Home for the Holidays
For a happy holiday at home, dog-proof your house, including any special decorations, guest rooms, doors guests will be going in and out, and people food. Smart dogs in particular may find the temptation of new edibles impossible to resist. Keep in mind that guests won’t be used to putting things out of your dog’s path of temptation.
The dog might be happiest with more private time, accompanied by a nice treat, such as a treat in a Kong toy. If the guests include preschool-aged children or children of any age who are rowdy with dogs-or if your dog is rowdy with kids-do whatever you need to do to make sure the kids CANNOT access the dog’s private area without you there to supervise. You can always install a lock on a door just for that purpose.

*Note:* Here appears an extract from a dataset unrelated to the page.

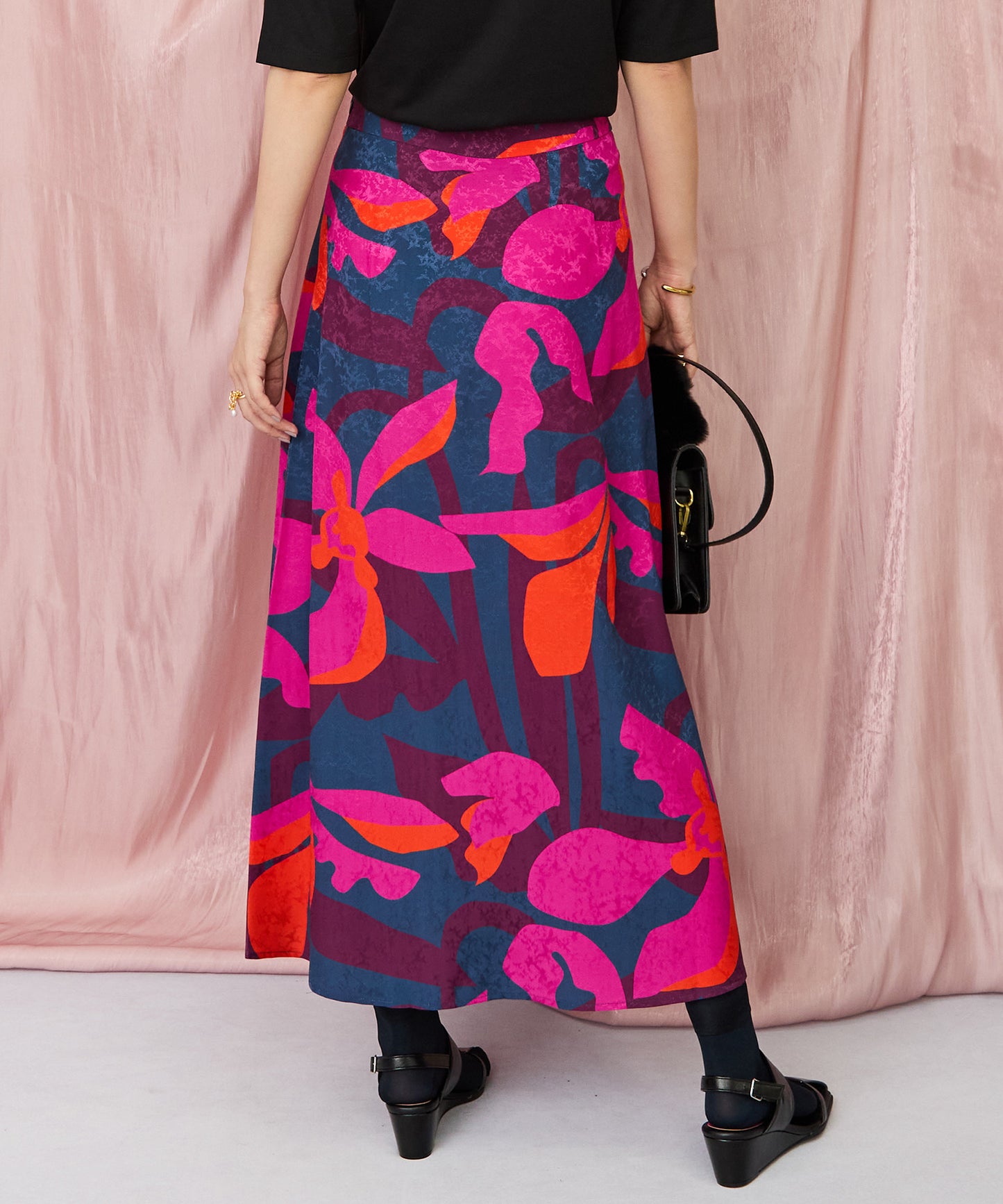 14-5871【FRNCH】ジオメトリックフラワースカート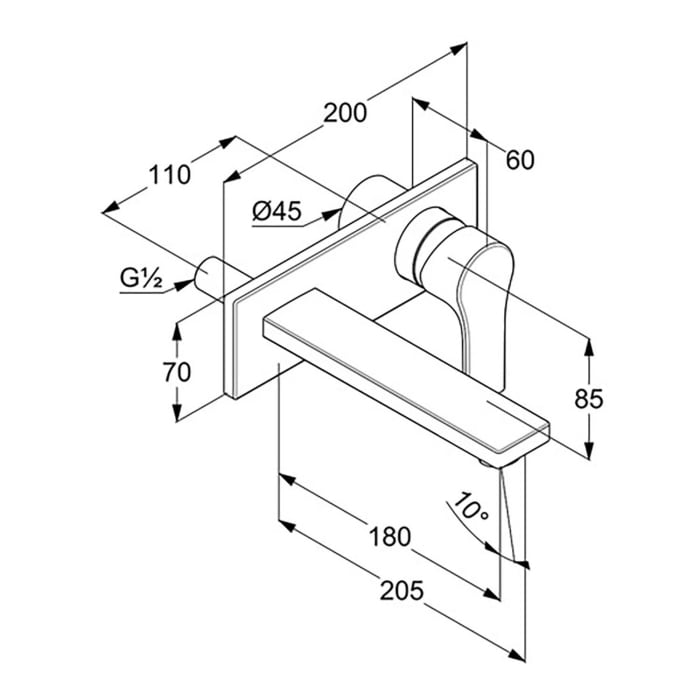 Kludi ZENTA SL Waschtisch-2-Loch-Wand-Einhandmischer Ausladung 18 cm einteilige Rosette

Ideally there should be a skilled adult managing the dog and another one managing the child for any contact between a preschool-age child and a dog, particularly when they are strangers to each other.
If the guests bring a dog, arrange to keep the dogs separated until (and unless) you’re sure they will not fight. Separate them, too, if either dog shows signs of stress. Not all dogs can get along well, and they are much more at the mercy of their own instincts in these matters than people are. Have this understanding with your guests in advance.
The Bottom Line
Whatever you’re doing for the holidays, it’s likely to be a fairly hyperactive version of everyday life. Learning to function well in your everyday routine has not necessarily prepared your dog to handle holidays with grace. Learning holiday-savvy behavior WILL make everyday life a breeze for you and your dog, though!
Traveling with a dog is a good way for the two of you to get closer by spending a lot of time together. By making the right preparations in advance, training with your dog, and providing your dog with diligent and loving supervision throughout the holiday, you and your dog can have a great time.